Benchmarking will not have major impact on banks’ NIMs: Praveen Kumar Gupta, SBI
Limited to floating rates, only a small portion of banks’ books will get affected, says Gupta.

Edited excerpts:
There are two suggestions made by the RBI in part B of the monetary policy recommendation relating to digital banking. One is about having an ombudsman for retail digital transactions and the other is about extending the cover as far as retail digital transactions in terms of the liability of the customer. How far do you think these will go towards furthering the use of digital transactions and use of digital?
There has been a substantial growth in digital transactions particularly on the UPI side. We expect the digital transactions will continue to grow. There has been almost 400% growth in UPI transactions in the recent past on a year-on-year basis.
We already have the ombudsman scheme within the bank also. Most of the digital transactions go to our internal ombudsman. We already had one internal ombudsman, we are going to appoint one more who will take care of primarily the digital transactions.
The second point they made was regarding prepaid instruments. What Mr Kanungo said was that some of the prepaid instruments were not really covered by the existing limited liability circular which the RBI had issued and they are going to cover them also under this scheme.
As far as banks are concerned, all the digital transactions existing earlier are already covered by the limited liability circular which the RBI had issued. So for the banks there is no real impact on account of this.
What they have prescribed is that all the retail loans, housing loans, auto etc will move to external benchmark if they are on the floating rate basis. Other than housing, most of the other retail loans are already on fixed rate basis. They are not getting impacted but the housing loan will definitely get impacted and the MSME loans also will move to external benchmark. Banks will have to come up with what kind of external benchmark they will use and that is going to be a major change as far as the banks are concerned.
There also is the issue of whether you will have the same external benchmark for all loans or whether it will be free for you to choose which external benchmark to use in the case of retail consumers and which one to use in case of MSMEs. RBI has also said that a change will be allowed only when there is a change in the rating. Does this not show us rather naïve belief in the competence of rating agencies?
We still need to wait for the guidelines. As of now, they have announced that four benchmarks will be allowed actually. Already three are very clear. One is the repo rate or the 91-day or 180- day treasury bills and they say that any other which is published and we have to see what exactly would that be. They have said you can use the same benchmark for one asset class which means that for the different asset classes, different benchmarks can be used. But I would wait for the guidelines.
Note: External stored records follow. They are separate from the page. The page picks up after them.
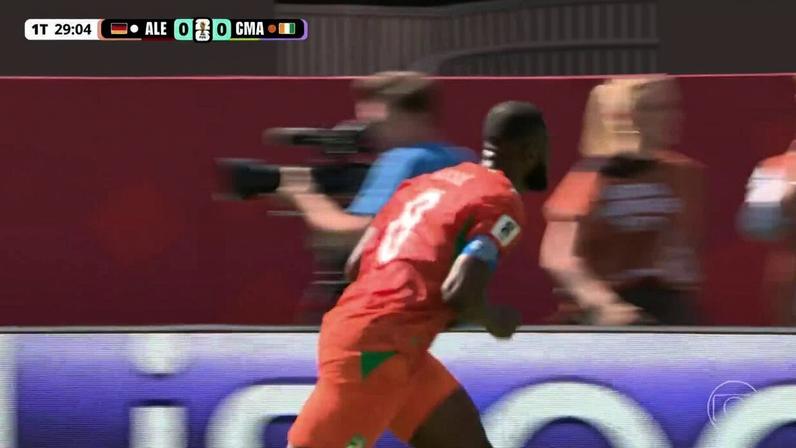 Kessié marca aos 29 min do 1º tempo pela Costa do Marfim contra a Alemanha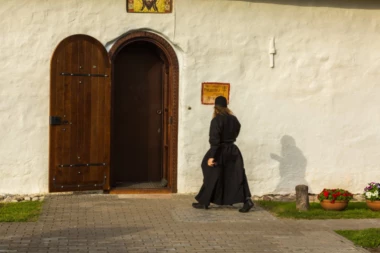 SUSRET SA MITROPOLITOM AMFILOHIJEM MU JE PROMENIO ŽIVOT: Kolumbijac prešao u pravoslavlje, zamonašio se i dobio NESVAKIDAŠNJE ime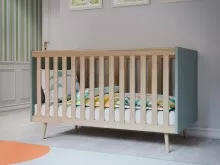 Babybett >Whenua < in Salbei/ Mauvella Eiche   -...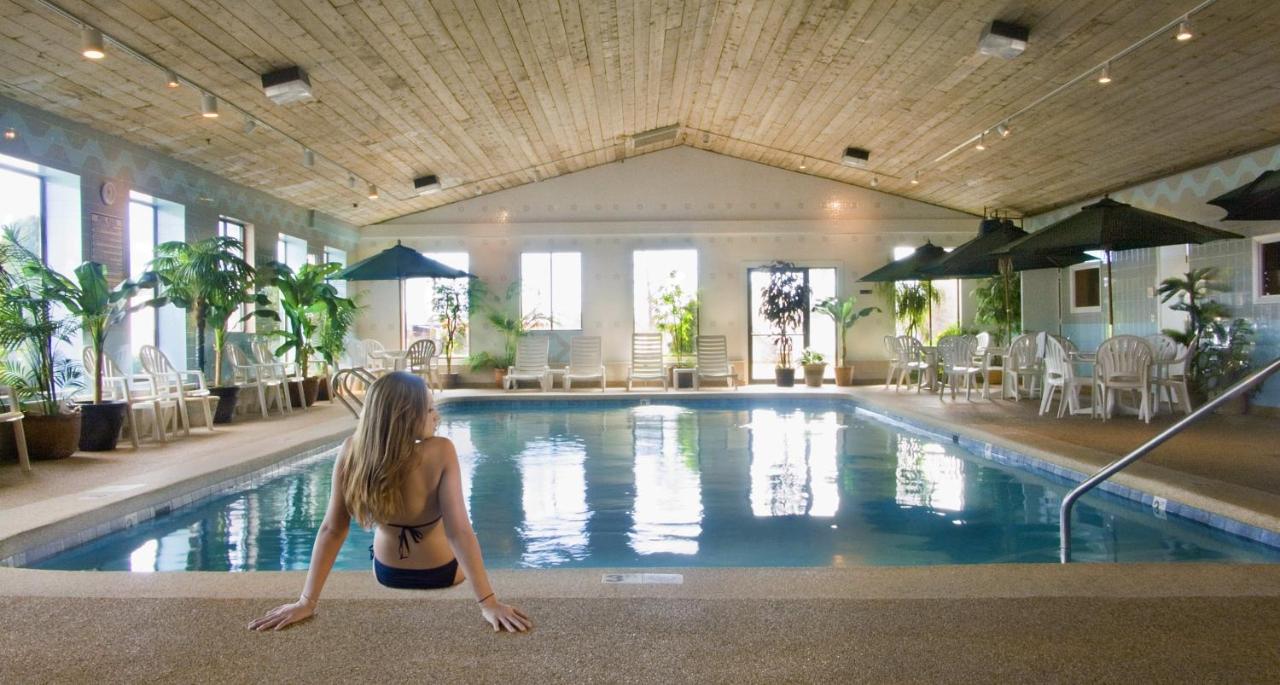 Heated swimming pool: Bayside Resort Hotel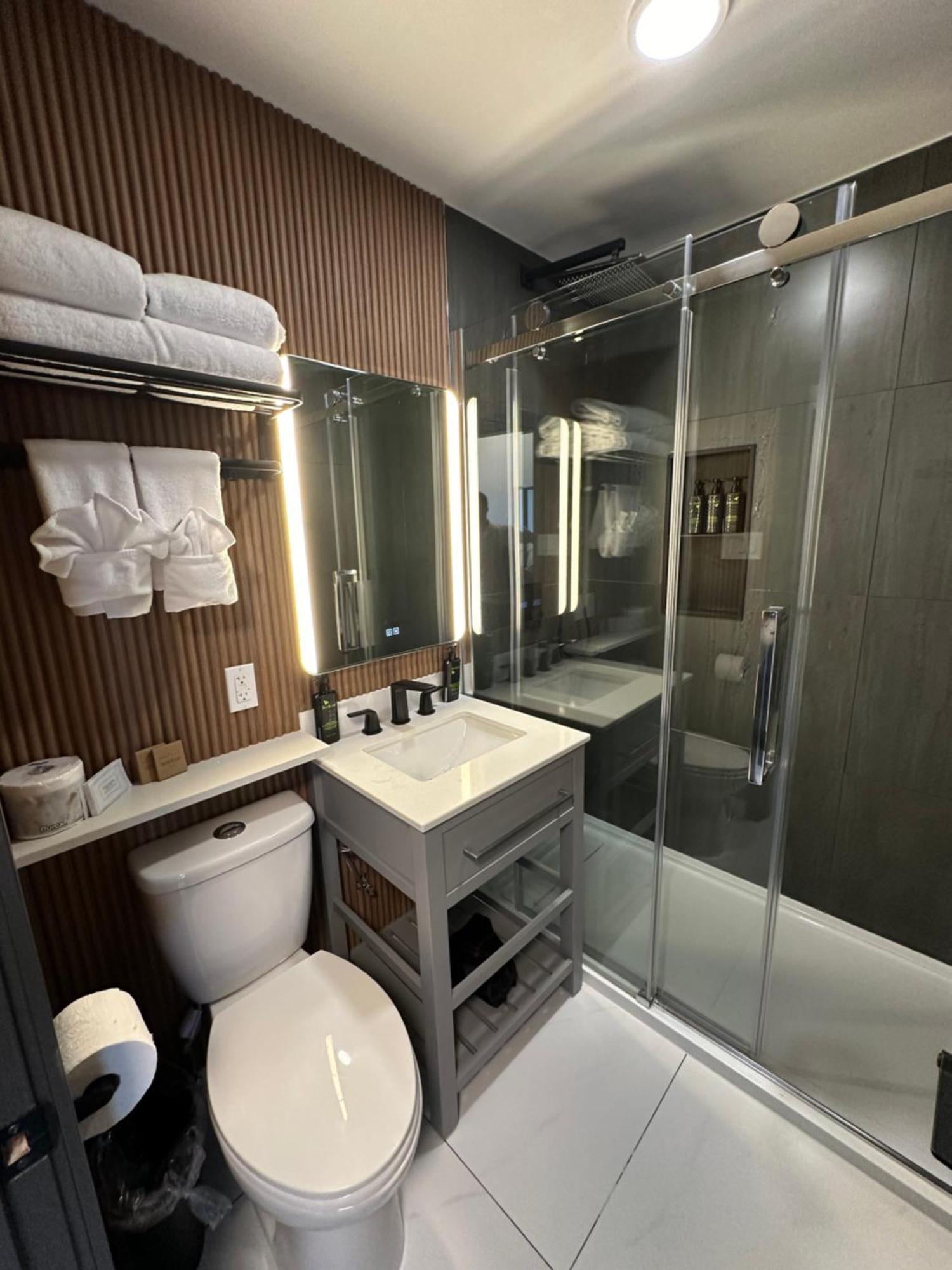Marine Inn Powell River Bagian luar foto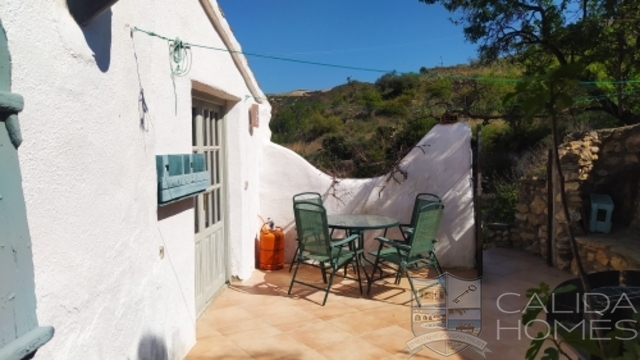 cla7517: Terraced Country House for Sale in Albanchez, Almería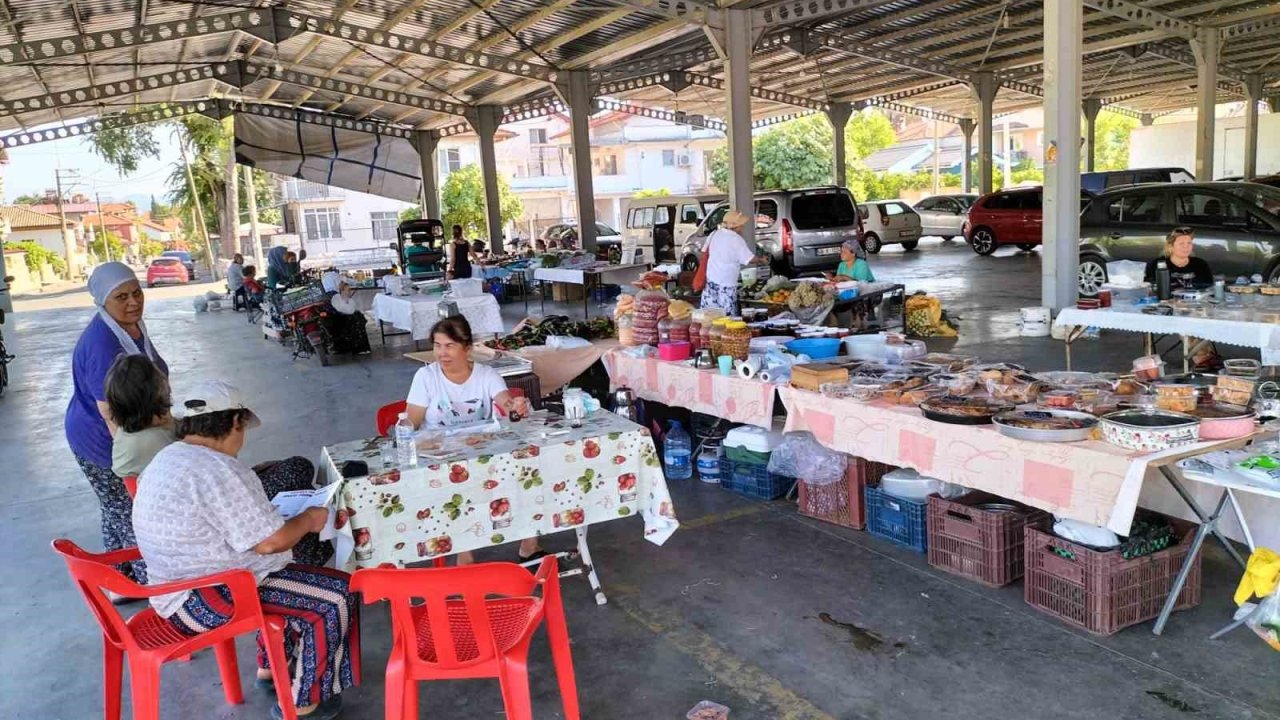 Köyceğiz Kadın Üretici Pazarı aile bütçesine katkı sağlıyor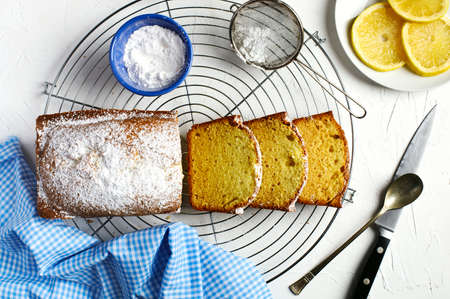 Lemon cake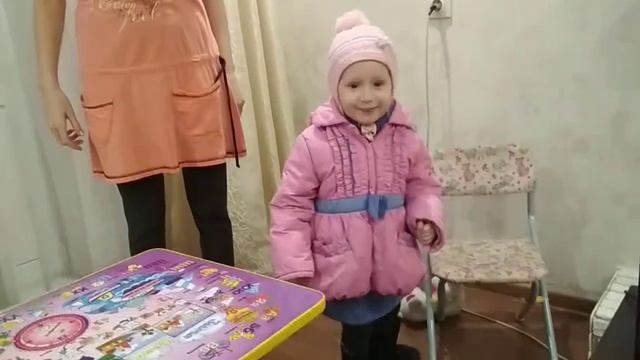 Дочка гуляет на балконе)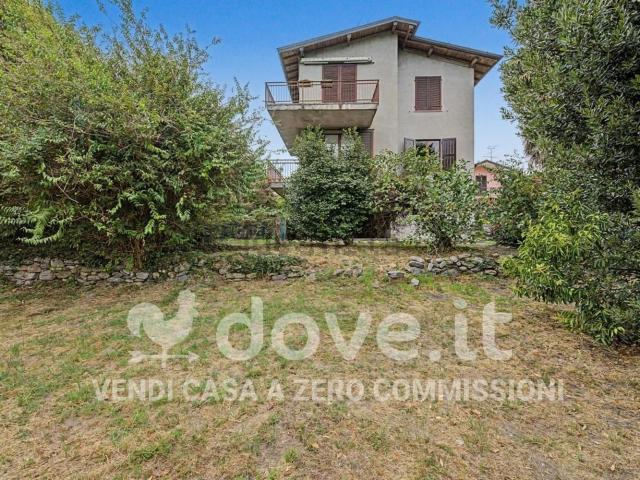 Villetta indipendente in vendita di 250 m² in Via Casarico, 28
Only thing that it will do is bring about some uniformity in the way the banks fix the rates. Only the spread cannot be changed. You can continue to use the benchmarks but the spreads can be changed only when there is a change in the credit rating and that is what the current guidelines that they have issued today say. But we still need to see the detailed guidelines.
Given that on the deposit front, interest rates are fixed, you really do not have the flexibility that banks abroad have. Is the RBI trying to force through a kind of change before the market is ready for it and will it further hamper the flexibility of banks?
Yes it does to some extent but this is something which was coming. We already had a committee report and the draft report of RBI was already there; the draft guidelines were already there. If you look at how the market evolves, may be the banks will come up with more floating rate products.